The pompous hydraulic organ no longer thunders its "full-mouthed diapason," but the nightingales fill the long summer nights with their surges of wild rhapsodies. Both the eye and the ear of the artist receive refreshment and stimulus here. The garden is a bath of verdancy and coolness even upon the most torrid day. The very light which filters through the dense foliage is tinged with green. The marbles are velvety and moist with moss, and the maidenhair fern drips lush and dank. Here Liszt drew inspiration from the harmonies of water notes blended with the chiming of distant bells, and Watteau showed in the many studies which he made in the garden how potent was its influence in investing his fêtes champêtres with the grace of the idyl.

In the Garden of Villa d'Este
From a photograph by Mr. Charles S. Platt

That its appeal was no less powerful to a poet, the "craft-master" of his day, it is our purpose later to show.

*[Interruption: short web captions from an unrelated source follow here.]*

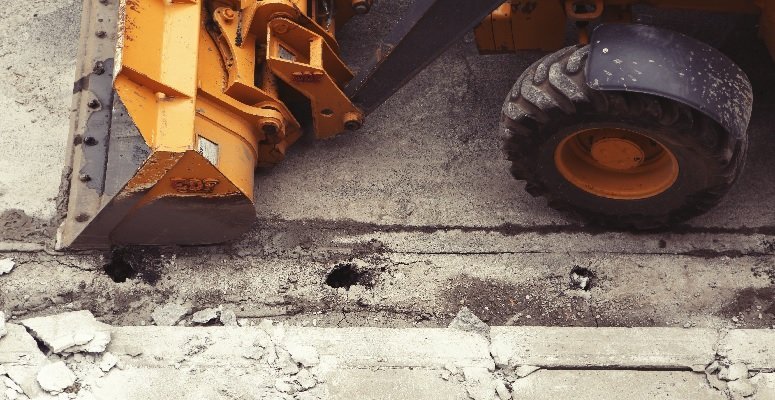 Construction output falls by 2% in April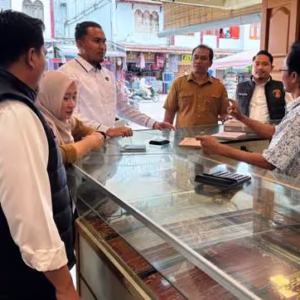 Cek toko emas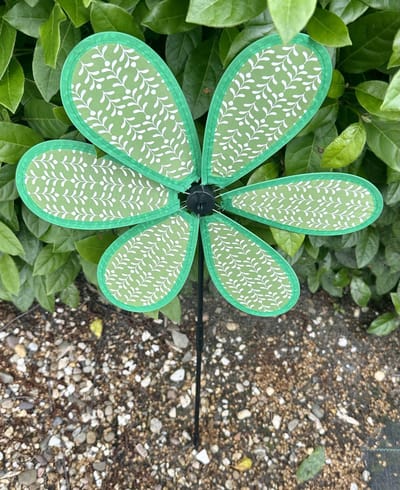 Windmolen met bloem motief - nylon + kunststof steker - groen - breedte 30 cm x hoogte 56 cm - Tuinaccessoires - Tuinstekers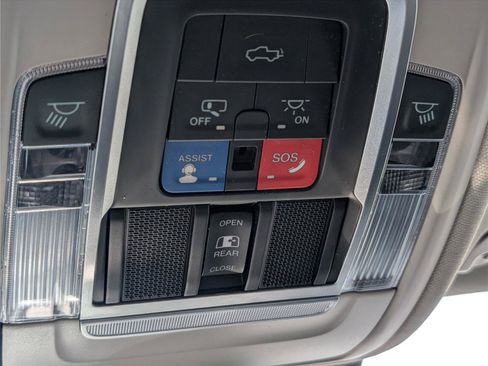 Used 2022 RAM 1500 Laramie AWD/4WD image 34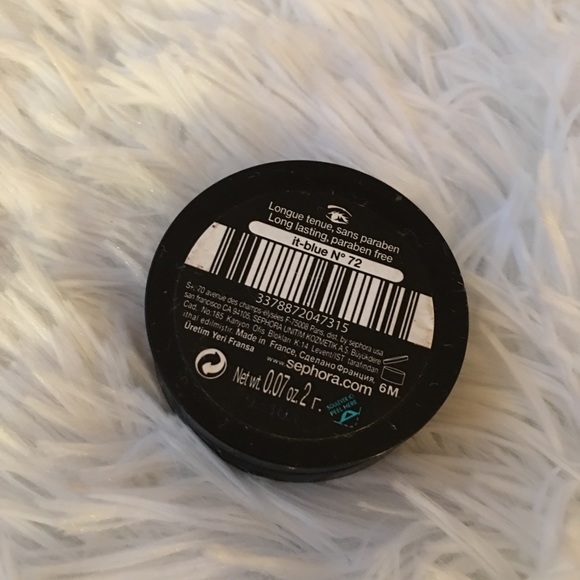 Matte Blue Sephora Eyeshadow - Picture 2 of 3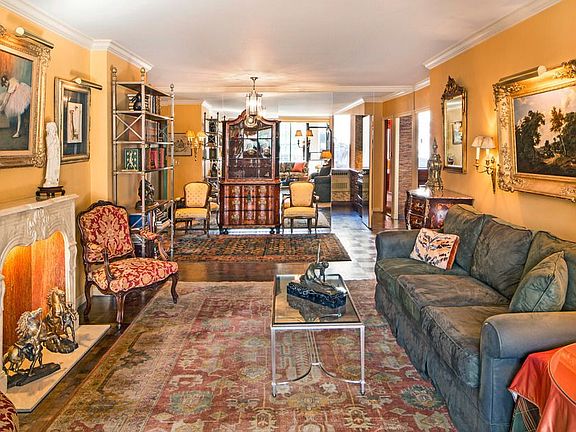 2nd image of 333 E 69th St APT 6C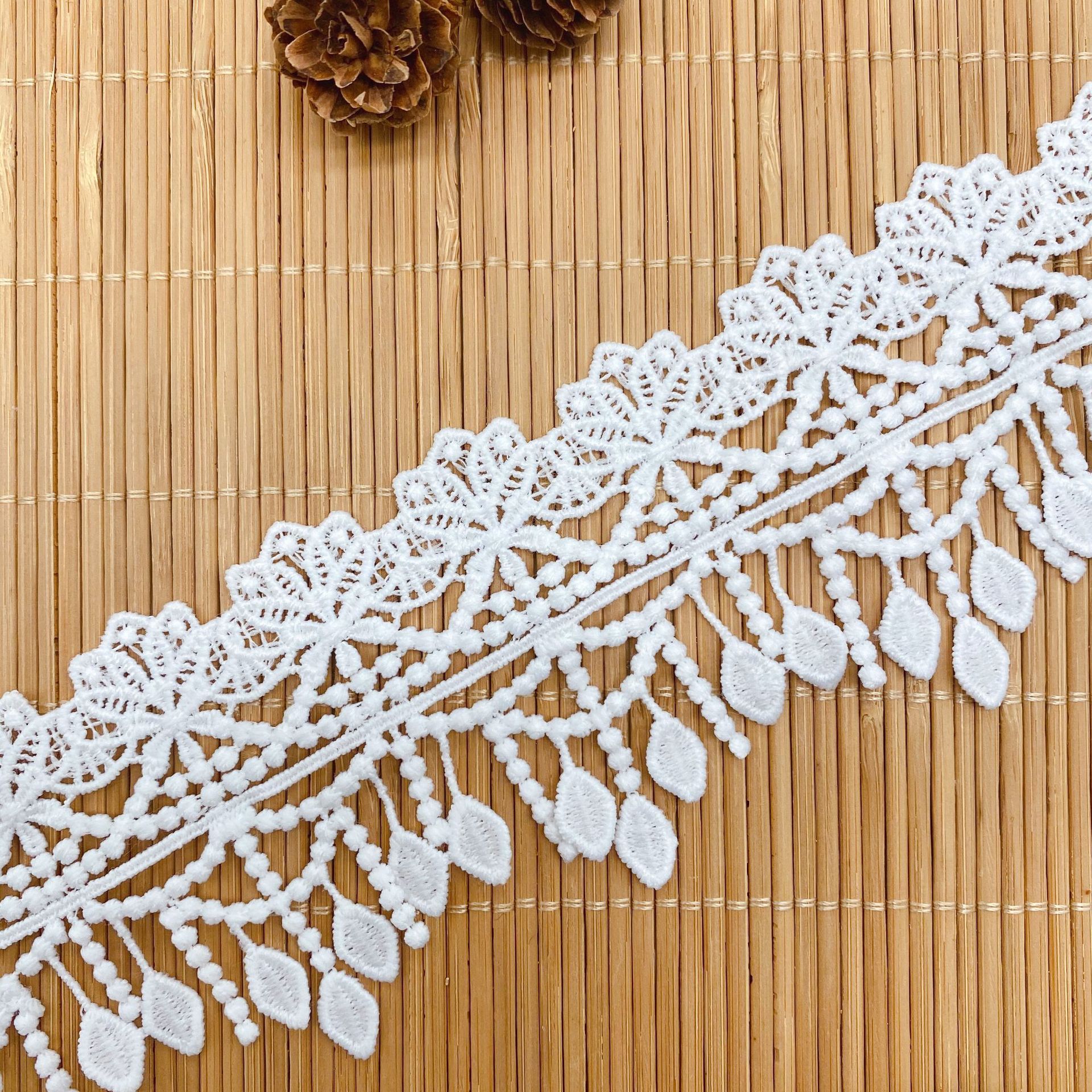 3Yards Embroidery Hollow Flowe - đánh giá và giá Lace Ribbon Trim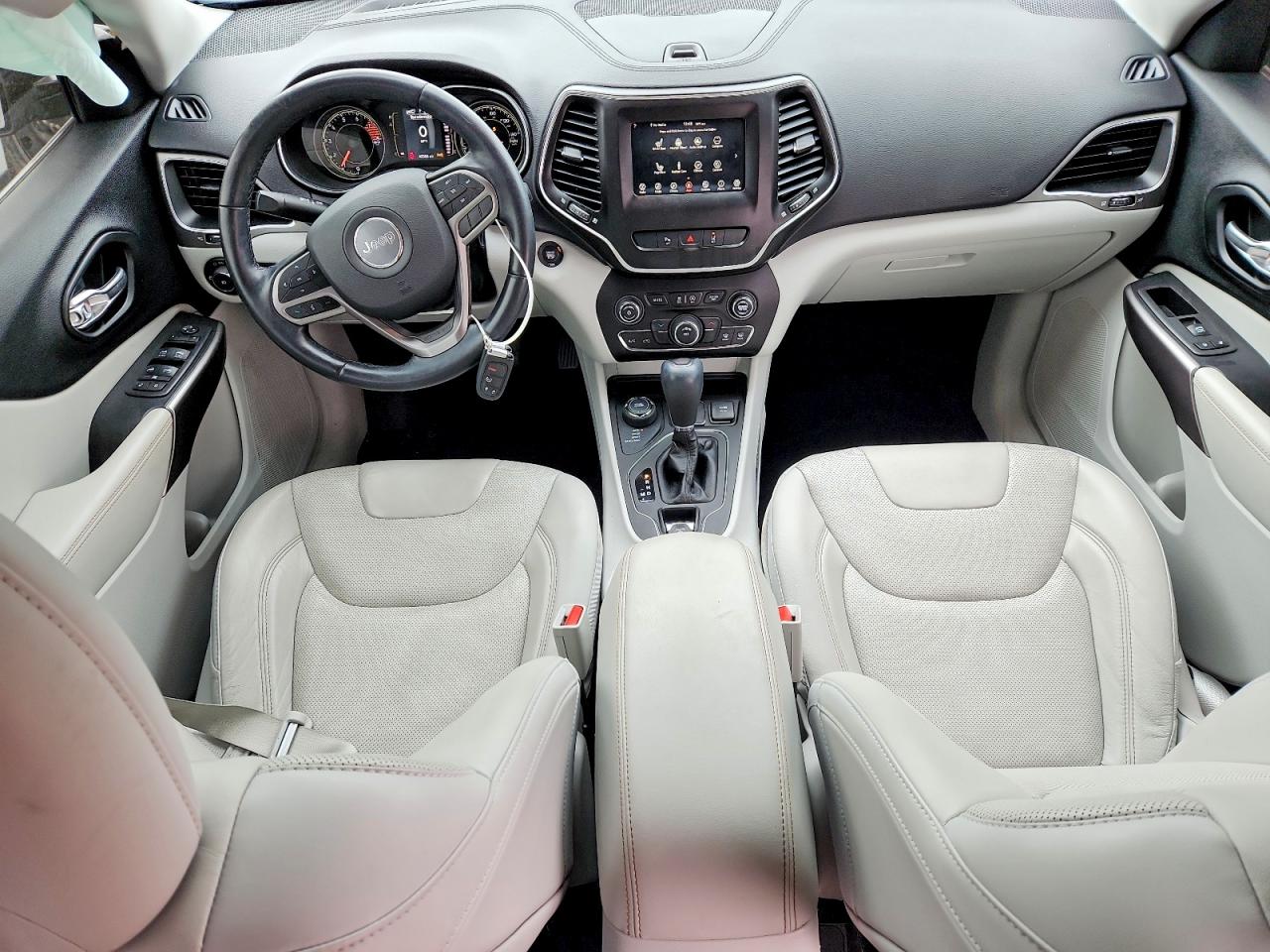 Jeep Grand Cherokee Latitude Lux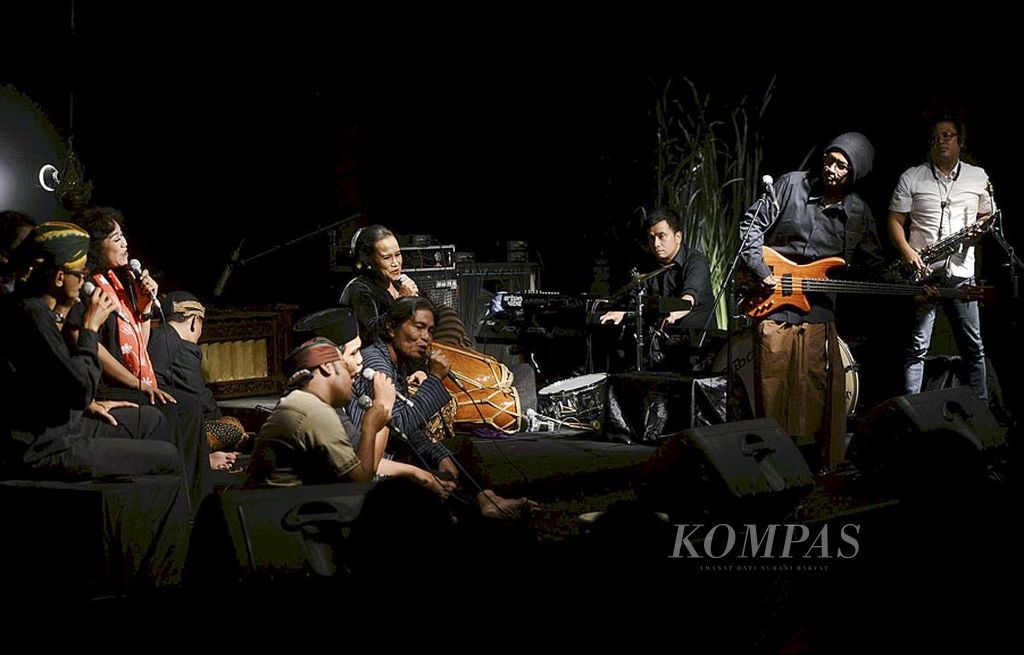 Pentas Album Gambang Suling Ki Nartosabdo bersama Bintang Indrianto dalam Musik Kamisan BBJ di Bentara Budaya Jakarta, Kamis (14/9). 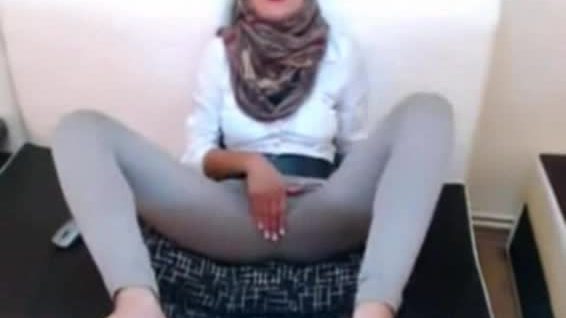 Sexy Hijab Girl Masturbating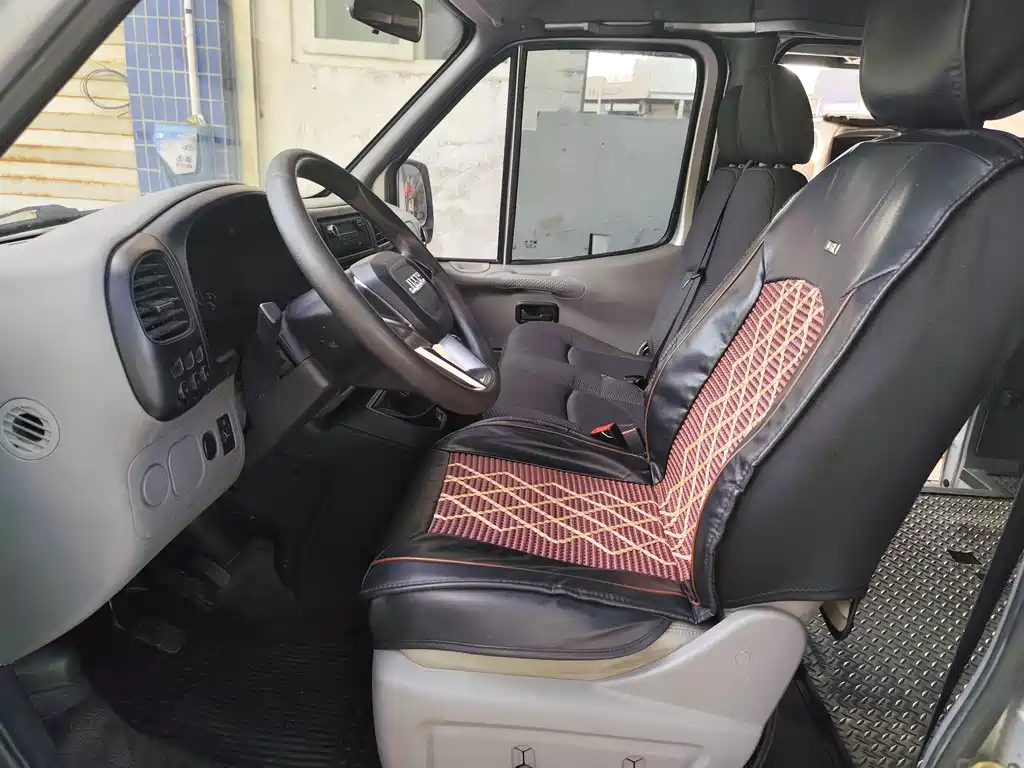 JMC Tesla 2019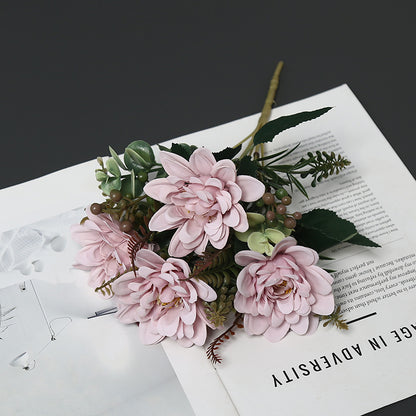 Dekorative Blumenarrangement für die Innendekoration
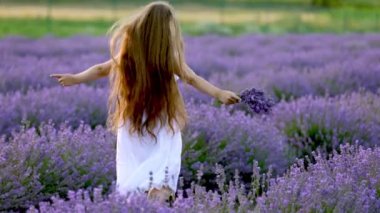 Lavanta üzerinde koşan bir kız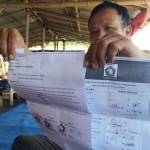 TUNJUKKAN: Ketua PAC Partai Gerindra Kecamatan Pesantren, Hartono, saat menunjukkan surat mosi tidak percaya kepada Ketua DPC mereka. foto: arif kurniawan/BANGSAONLINE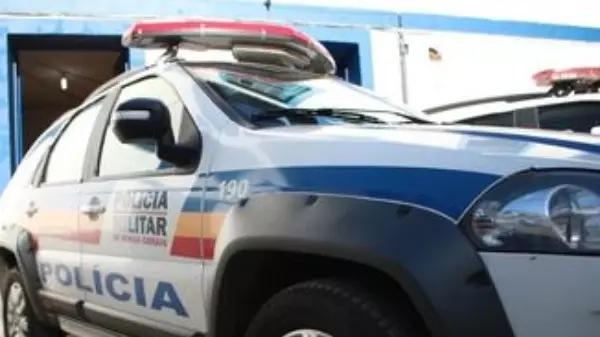 Homem é preso após agredir namorada e resistir à prisão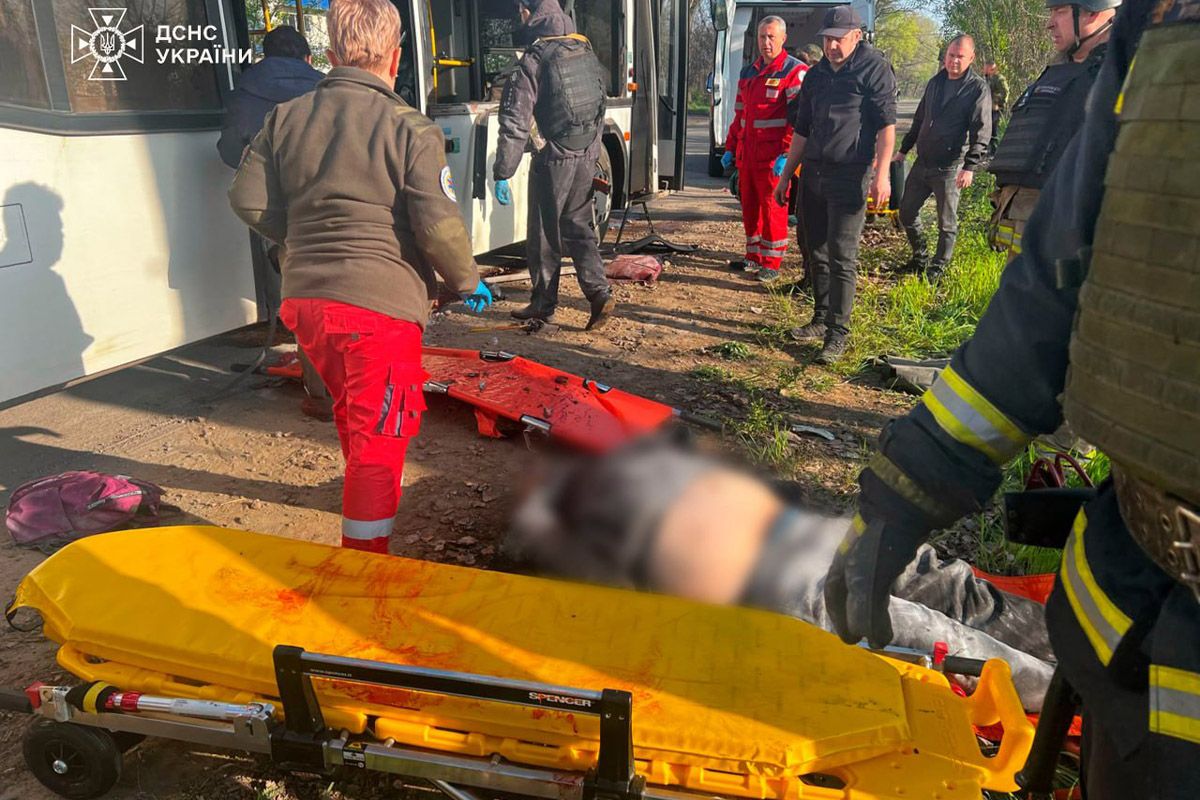 Це були робітники та робітниці гірничозбагачувального комбінату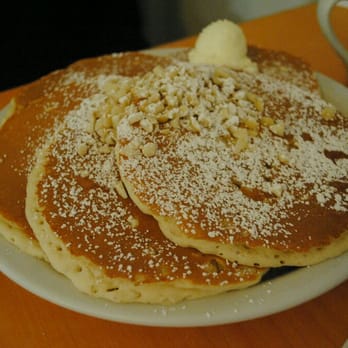Eggs 'n Things - Macadamia nut pancakes - Breakfast & Brunch Near Me - Honolulu, Hawaii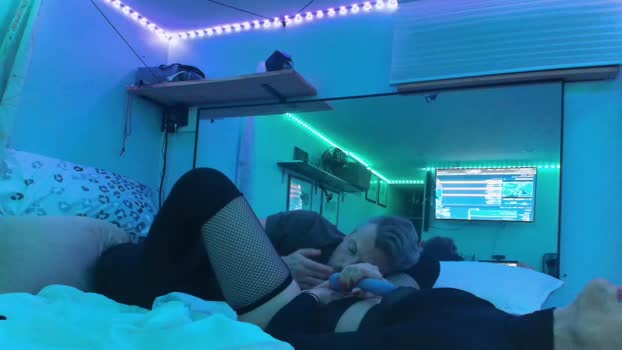linuxgirlsudosu sex Webcam SHOW @ Chaturbate 15-10-2025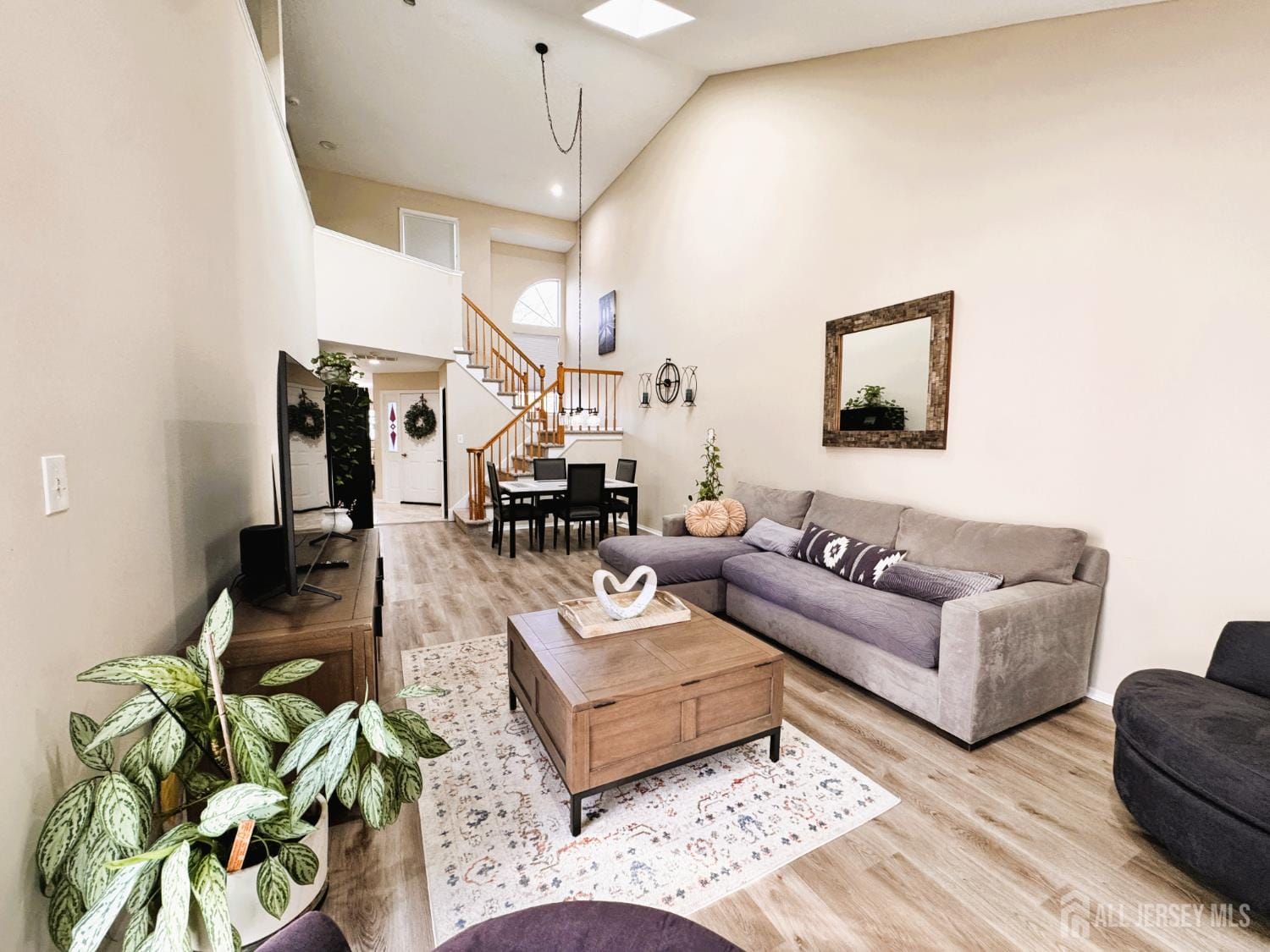 4-C Rutherford Hayes Drive Image 5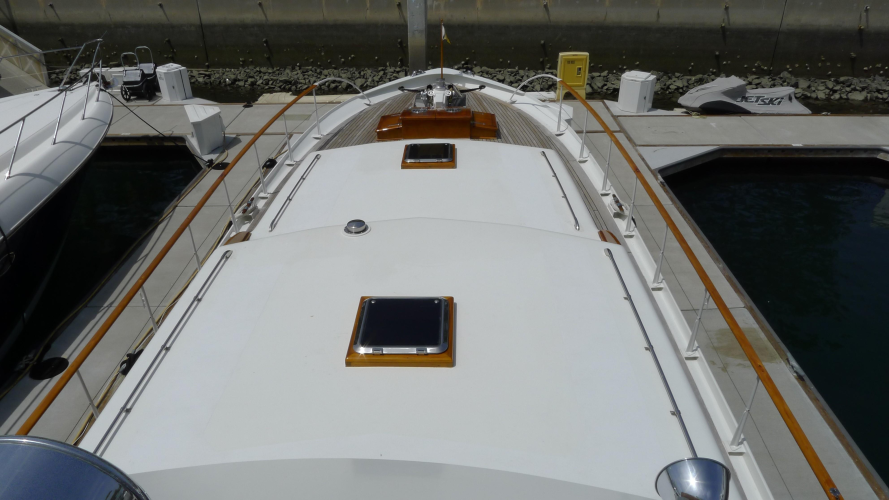 Dakota Yacht Photos Pics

Many minor poets also have felt and, with more or less success, have interpreted its wondrous charm—Story perhaps best of all.

"What peace and quiet in this villa sleep!
Here let us pause nor chase for pleasure on,
Nothing can be more exquisite than this.
See how the old house lifts its face of light
Against the pallid olives that between
Throng up the hill. Look down this vista's shade
Of dark square-shaven ilexes where sports
The fountain's, thin white thread and blows away.
And mark! along the terraced balustrade
Two contadini stopping in the shade
With copper vases poised upon their heads,
How their red jackets tell against the green!
Old, all is old,—what charm there is in age!
Do you believe this villa when 'twas new
Was half so beautiful as now it seems?
Look at these balustrades of travertine—
Had they the charm when fresh and shapely carved
As now that they are stained and graved with time
And mossed with lichens, every grim old mask
That grins upon their pillars bearded o'er
With waving sprays of slender maidenhair?
Ah, no! I cannot think it; things of art
Snatch nature's graces from the hand of Time."

But it is the view afforded by the double arcade of loggias and by every window of the palace façade which was the crowning glory of the villa. The amethystine Sabine Hills and the immense Campagna encircle the Eternal City, from whose mists the dome of Saint Peter's seems to rise a buoyant, iridescent bubble.

It was Pirro Ligorio (architect also of the exquisite Villa Pia) who in 1545 accomplished the miracle of converting the savage cliff into a staircase of enchantment. Nature had given the villa its marvellous site and genius availed itself of all the resources of art and wealth to effect the wonder.

Cardinal Ippolito's orders to Ligorio were: "Surpass the work of Vignola in the villas of Caprarola and Lante. Restore the glory of Tivoli in the Augustan age."